Nothing but the lines from the one with "Best Archive New" through the end of the data should be set down, each exactly as written, and no picture should be included.

Listed entries:
★ ★ ★ ★ ★
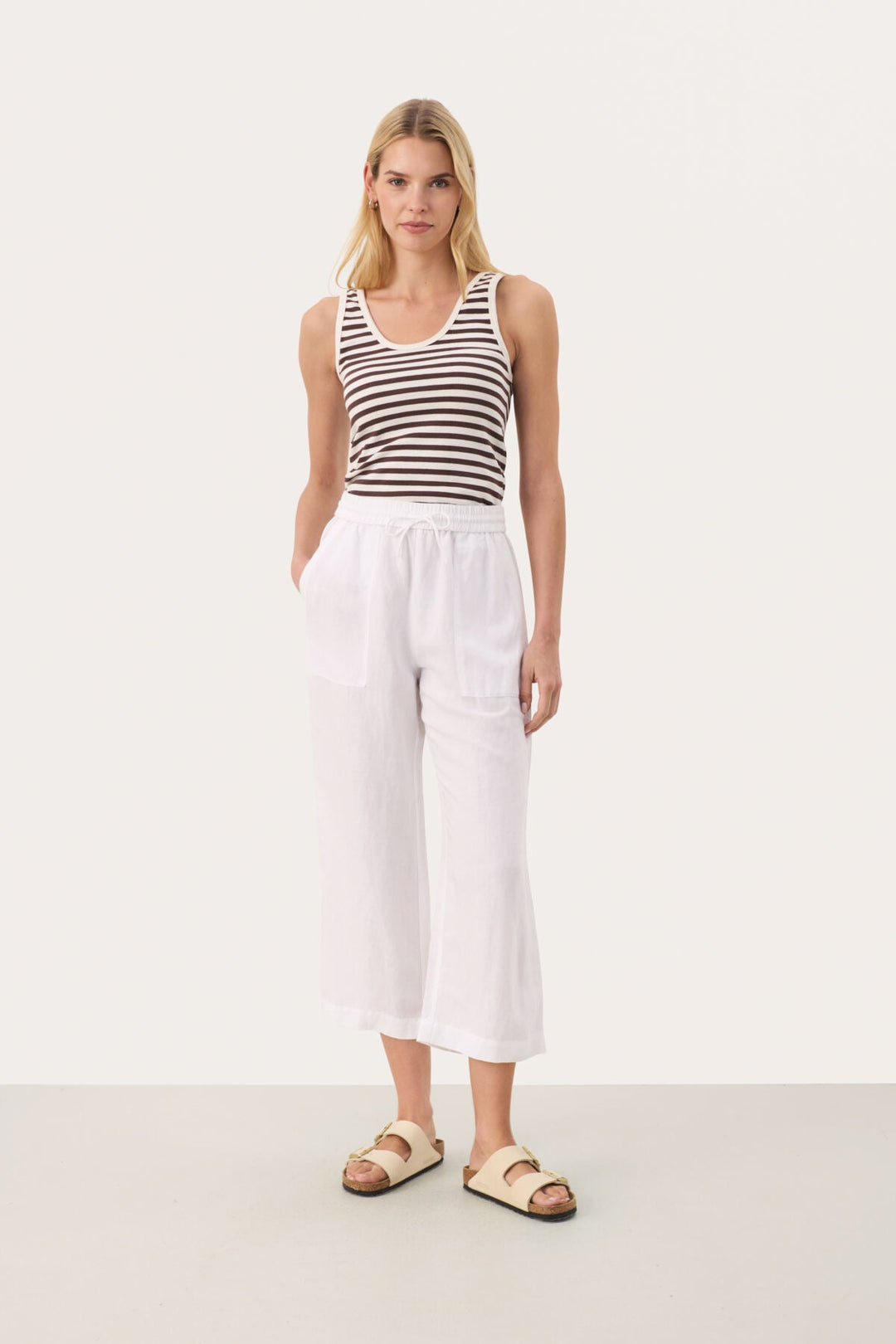 Eniolaspw Pants Bright White | Bukser | Smuk - Dameklær på nett
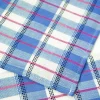 Best Archive New York San Andres Gingham Blue & White Table Runner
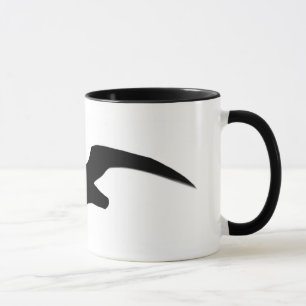 Taza de la silueta del albatros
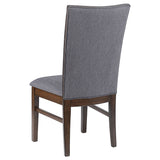 Sherwood Grey Upholstered Dining Side Chair (Set of 2) - Ornate Home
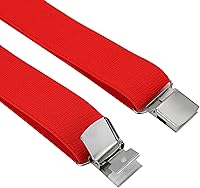 Vista 3 de Tirantes para hombre de 1.4 pulgadas de ancho, elásticos y espalda con clips de metal fuertes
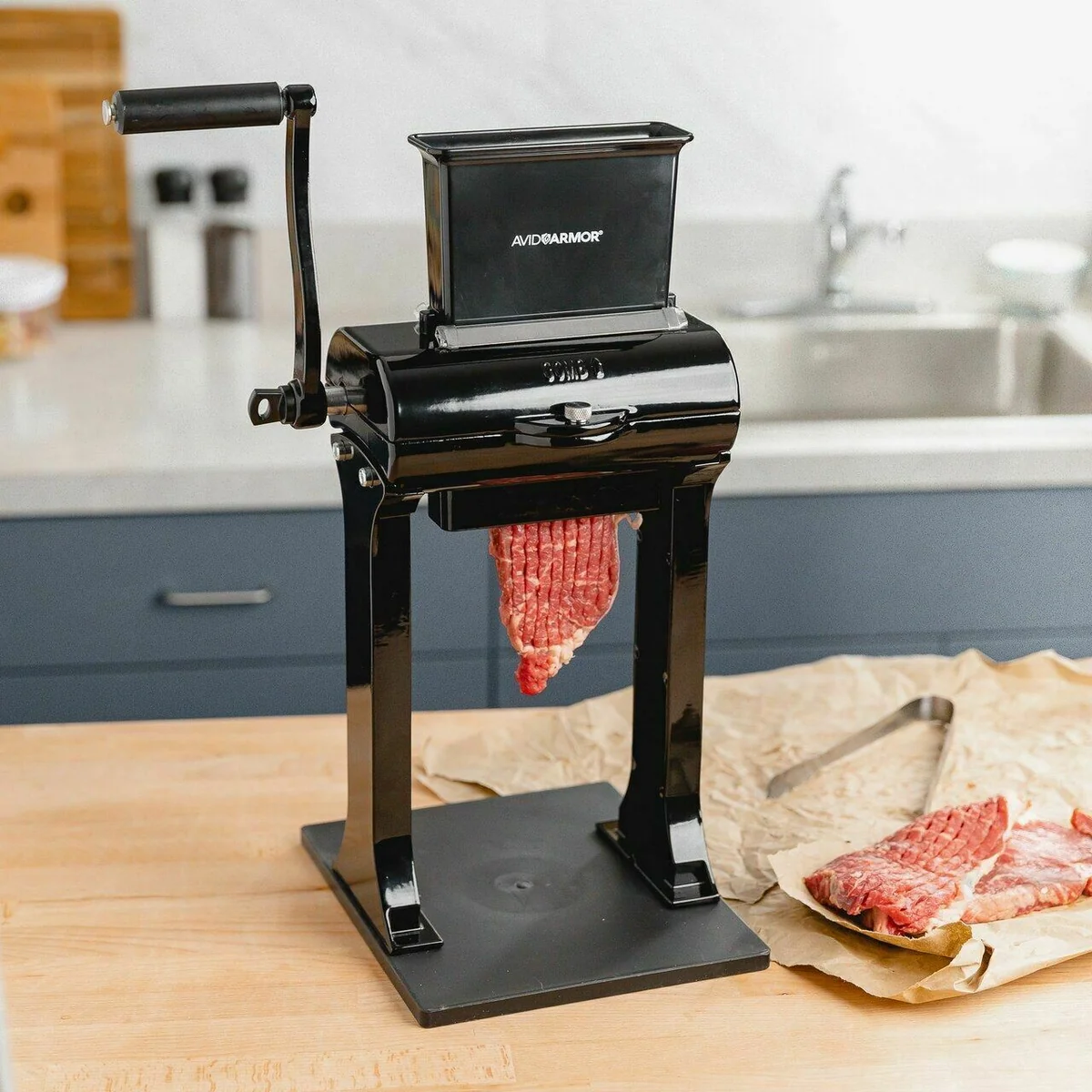 Artisan Powerful Manual Meat Steak Tenderizer And Jerky Slicer Sustainable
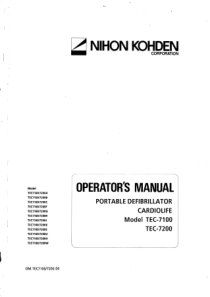 Nihon_Kohden_Cardiolife_TEC-7100,7200_-_User_manual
★ ★ ★ ★ ★
Answer space:
 Best Archive New York San Andres Gingham Blue & White Table Runner
 Taza de la silueta del albatros
 Sherwood Grey Upholstered Dining Side Chair (Set of 2) - Ornate Home
 Vista 3 de Tirantes para hombre de 1.4 pulgadas de ancho, elásticos y espalda con clips de metal fuertes
 Artisan Powerful Manual Meat Steak Tenderizer And Jerky Slicer Sustainable
 Nihon_Kohden_Cardiolife_TEC-7100,7200_-_User_manual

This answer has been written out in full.